Mépris de classe

par JEROME LEROY
Publié le 19 octobre 2021 à 16:49

Il faut que je fasse attention. Zemmour provoque chez moi des envies de mépris de classe. Et le mépris de classe, ce n’est pas bien. Le mépris de classe, c’est ce que j’ai souvent reproché dans Liberté à une certaine gauche bourgeoise au moment des Gilets jaunes.
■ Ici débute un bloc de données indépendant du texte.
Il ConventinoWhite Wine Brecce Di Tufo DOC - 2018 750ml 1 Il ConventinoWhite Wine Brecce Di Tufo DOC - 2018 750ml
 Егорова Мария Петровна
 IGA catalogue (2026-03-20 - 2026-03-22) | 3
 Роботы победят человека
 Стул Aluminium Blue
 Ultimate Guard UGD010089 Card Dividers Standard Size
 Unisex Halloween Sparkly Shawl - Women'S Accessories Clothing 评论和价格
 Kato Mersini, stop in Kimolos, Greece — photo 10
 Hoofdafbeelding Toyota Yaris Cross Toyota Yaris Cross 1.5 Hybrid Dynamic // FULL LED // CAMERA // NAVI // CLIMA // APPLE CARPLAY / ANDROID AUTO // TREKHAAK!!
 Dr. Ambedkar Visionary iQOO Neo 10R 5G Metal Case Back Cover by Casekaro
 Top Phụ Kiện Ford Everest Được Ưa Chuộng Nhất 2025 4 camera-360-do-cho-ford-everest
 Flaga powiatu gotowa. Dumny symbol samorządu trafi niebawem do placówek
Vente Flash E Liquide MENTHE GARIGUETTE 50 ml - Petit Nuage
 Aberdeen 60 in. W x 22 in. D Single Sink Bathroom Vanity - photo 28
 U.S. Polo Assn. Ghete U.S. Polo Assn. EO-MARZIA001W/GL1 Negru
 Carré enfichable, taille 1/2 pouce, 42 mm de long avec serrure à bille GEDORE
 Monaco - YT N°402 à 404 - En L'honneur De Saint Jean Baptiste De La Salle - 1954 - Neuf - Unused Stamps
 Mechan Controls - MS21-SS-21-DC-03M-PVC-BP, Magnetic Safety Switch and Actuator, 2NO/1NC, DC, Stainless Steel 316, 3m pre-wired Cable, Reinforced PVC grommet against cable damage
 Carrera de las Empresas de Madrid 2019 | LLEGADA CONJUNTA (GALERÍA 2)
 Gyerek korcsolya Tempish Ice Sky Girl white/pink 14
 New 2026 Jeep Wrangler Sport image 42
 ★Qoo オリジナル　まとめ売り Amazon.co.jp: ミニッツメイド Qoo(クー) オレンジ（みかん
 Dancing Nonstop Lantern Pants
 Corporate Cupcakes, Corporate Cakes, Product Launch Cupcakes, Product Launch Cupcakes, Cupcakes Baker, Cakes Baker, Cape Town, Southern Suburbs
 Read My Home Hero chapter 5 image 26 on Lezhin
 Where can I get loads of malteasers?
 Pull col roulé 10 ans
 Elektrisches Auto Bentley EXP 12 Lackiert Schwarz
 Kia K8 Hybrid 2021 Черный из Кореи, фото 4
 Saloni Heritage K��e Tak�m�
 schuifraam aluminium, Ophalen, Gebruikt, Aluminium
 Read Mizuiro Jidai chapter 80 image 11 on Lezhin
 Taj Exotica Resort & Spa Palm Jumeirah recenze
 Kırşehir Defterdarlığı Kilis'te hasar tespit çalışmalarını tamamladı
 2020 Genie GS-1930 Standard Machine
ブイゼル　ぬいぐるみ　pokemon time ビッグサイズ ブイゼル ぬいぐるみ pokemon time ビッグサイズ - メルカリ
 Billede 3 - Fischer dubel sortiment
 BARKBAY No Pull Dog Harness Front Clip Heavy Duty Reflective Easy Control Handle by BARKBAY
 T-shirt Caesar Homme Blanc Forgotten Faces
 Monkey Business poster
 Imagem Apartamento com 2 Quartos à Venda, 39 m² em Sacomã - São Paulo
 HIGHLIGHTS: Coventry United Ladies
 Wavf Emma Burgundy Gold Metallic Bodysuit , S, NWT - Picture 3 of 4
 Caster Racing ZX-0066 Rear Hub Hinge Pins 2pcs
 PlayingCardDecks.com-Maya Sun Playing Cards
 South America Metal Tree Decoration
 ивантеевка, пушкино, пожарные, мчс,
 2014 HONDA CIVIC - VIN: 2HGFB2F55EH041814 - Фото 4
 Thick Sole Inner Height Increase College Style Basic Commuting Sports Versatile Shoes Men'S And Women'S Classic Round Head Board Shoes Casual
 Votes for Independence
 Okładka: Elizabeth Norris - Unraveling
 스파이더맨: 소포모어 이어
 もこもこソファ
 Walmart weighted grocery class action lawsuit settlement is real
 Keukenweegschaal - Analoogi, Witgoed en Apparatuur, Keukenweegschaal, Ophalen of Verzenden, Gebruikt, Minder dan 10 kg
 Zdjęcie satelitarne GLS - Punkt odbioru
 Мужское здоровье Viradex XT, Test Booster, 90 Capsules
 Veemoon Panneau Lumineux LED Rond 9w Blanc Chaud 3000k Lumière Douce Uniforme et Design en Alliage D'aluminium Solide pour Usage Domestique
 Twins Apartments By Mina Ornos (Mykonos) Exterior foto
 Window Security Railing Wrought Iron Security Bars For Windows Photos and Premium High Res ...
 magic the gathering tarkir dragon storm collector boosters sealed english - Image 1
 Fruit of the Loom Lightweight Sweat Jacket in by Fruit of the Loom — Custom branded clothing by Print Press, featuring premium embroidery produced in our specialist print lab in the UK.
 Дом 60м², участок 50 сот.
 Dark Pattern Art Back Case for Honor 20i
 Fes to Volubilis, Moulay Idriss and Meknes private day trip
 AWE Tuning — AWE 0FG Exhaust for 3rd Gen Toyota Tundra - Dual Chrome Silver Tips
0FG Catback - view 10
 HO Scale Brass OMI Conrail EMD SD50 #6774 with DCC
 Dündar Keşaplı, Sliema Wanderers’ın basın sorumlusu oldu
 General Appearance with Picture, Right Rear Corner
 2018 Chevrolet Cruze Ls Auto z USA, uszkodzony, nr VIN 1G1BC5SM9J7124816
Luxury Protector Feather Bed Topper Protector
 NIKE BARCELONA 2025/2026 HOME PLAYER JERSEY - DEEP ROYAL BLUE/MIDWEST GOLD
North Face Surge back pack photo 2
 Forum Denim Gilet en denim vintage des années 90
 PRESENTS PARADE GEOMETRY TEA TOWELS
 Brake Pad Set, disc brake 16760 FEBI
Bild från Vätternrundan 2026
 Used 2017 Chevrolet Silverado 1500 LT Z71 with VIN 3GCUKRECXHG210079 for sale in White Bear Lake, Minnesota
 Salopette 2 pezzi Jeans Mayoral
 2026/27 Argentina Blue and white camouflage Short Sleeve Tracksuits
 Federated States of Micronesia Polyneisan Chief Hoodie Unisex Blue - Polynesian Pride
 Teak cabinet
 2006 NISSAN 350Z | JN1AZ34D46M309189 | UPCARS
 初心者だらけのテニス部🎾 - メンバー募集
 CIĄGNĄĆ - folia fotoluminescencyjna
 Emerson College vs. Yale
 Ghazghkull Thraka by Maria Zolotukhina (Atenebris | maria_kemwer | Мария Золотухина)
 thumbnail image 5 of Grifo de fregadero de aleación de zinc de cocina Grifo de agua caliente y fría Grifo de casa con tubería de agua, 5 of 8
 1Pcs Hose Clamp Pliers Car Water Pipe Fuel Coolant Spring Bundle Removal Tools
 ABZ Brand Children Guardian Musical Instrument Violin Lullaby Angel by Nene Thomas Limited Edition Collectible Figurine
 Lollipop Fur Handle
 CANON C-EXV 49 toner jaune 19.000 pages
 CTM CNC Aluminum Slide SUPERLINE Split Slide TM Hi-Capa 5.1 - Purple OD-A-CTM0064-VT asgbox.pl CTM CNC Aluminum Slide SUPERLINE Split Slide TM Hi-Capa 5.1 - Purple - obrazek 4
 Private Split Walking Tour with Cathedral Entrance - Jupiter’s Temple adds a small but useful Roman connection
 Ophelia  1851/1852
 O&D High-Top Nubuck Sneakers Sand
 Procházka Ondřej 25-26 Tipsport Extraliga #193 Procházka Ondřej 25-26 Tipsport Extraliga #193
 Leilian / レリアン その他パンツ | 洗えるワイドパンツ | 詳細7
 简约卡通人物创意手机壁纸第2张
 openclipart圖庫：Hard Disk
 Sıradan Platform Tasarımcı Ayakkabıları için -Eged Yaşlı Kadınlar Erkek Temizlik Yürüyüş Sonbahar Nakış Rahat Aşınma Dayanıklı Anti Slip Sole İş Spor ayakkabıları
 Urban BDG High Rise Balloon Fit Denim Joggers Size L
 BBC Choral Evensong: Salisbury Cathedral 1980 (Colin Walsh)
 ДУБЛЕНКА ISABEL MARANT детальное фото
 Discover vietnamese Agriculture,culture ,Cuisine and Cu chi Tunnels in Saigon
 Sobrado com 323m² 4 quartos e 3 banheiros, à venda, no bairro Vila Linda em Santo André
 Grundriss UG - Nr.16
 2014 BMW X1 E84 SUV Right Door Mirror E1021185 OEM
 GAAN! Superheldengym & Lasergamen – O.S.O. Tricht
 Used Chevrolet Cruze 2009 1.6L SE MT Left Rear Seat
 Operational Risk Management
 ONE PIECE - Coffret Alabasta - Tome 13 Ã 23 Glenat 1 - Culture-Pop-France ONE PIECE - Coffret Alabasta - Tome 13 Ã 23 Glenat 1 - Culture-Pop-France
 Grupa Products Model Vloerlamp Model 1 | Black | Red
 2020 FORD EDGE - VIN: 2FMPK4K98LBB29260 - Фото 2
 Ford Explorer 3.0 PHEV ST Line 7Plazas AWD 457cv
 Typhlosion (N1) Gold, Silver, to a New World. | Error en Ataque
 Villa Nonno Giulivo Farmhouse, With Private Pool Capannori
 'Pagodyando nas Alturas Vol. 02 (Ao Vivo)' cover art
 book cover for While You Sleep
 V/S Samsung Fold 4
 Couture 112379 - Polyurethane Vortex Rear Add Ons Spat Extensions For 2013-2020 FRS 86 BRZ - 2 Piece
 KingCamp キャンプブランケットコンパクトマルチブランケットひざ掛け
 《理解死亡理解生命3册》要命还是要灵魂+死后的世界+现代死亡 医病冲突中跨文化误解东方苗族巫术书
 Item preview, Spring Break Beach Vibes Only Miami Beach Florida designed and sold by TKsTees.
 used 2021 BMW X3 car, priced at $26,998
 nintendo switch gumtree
Alors, je dois faire un effort, à mon tour, pour ne pas mépriser les fans de Zemmour qui nous sont complaisamment montrés dans les médias, en train d’acheter son livre pour enrichir un peu plus le « polémiste » comme on dit aujourd’hui pour parler d’un raciste de première bourre…
 Qui serais-je, en effet, pour mépriser ces gueules de puceaux à mèche blonde sur le front national comme les décervelés du GUD [1] dans les années 80 mais en moins musclés ? Ces fils décavés de notaires consanguins qui ont eu du mal à décrocher leur BTS dans une boîte privée et qui sont persuadés que leur gourou est un intellectuel alors qu’il a une culture de pion ou de rubricard à Historia ?
 Qui serais-je pour mépriser leurs sœurs, pétasses intégristes en serre-tête, plus vraies que leurs clichés, avec des rêves humides de mâles mahométans qui leur vient au bout de six mois de mariage avec une face d’endive à particule, des rêves qu’elles n’osent même pas dérouler dans le confessionnal alors que pourtant le prêtre de la Fraternité sacerdotale Saint Pie X, consultant à CNews, trouve que c’est quand même la meilleure partie du métier ? 
Qui serais-je pour mépriser ces post-pétainistes des bocages, ces permanentées mauves et ces alopéciques en surpoids triste qui font la queue pour aller faire signer une daube absolument dépourvue de ce panache et de ce style qui font que, parfois, on peut trouver des excuses à des salopards. Qui serais-je pour mépriser ces gens qui se réfugient dans une croisade identitaire au nom de la « Phrance » alors que ces brillants patriotes sont des champions de l’optimisation fiscale ? Qui serais-je pour mépriser ces gens qui ont toujours préféré leurs intérêts de classe à la nation, passant de Versailles à Vichy avec une impressionnante souplesse qui leur aura fait dénoncer sans trop de scrupules le communard, le Juif, le communiste, mais pour le bien de la « Phrance », évidemment, la « Phrance », toujours, et la « pompe à Phynances » comme disait Alfred Jarry ? 
 Qui serais-je pour mépriser leurs bibliothèques aux reliures François Beauval, leurs héritages de plus en plus maigres attendus dans des aigreurs d’estomac de plus en plus inquiètes, ces lettres de pétitions écrites pour refuser qu’on installe un centre éducatif fermé dans leur chef-lieu de canton alors qu’ils braillent chaque jour que Dieu fait contre la complaisance des juges rouges pour les délinquants allogènes ? 
 Oui, qui serais-je pour mépriser ces moyens-riches, ces demi-sachants, ces trouillards définitifs et haineux comme tous les gens qui ont la trouille ?
 Non, je saurai résister. Les zemmouriens ont sûrement leur part d’humanité. Peut-être faudra-t-il en passer par une trépanation, mais on la trouvera. On trouve toujours à la fin.

Notes :

[1Pour les plus jeunes de nos lecteurs, le GUD (Groupe union défense) était un syndicat étudiant d’extrême droite dont les matraques étaient les principaux arguments.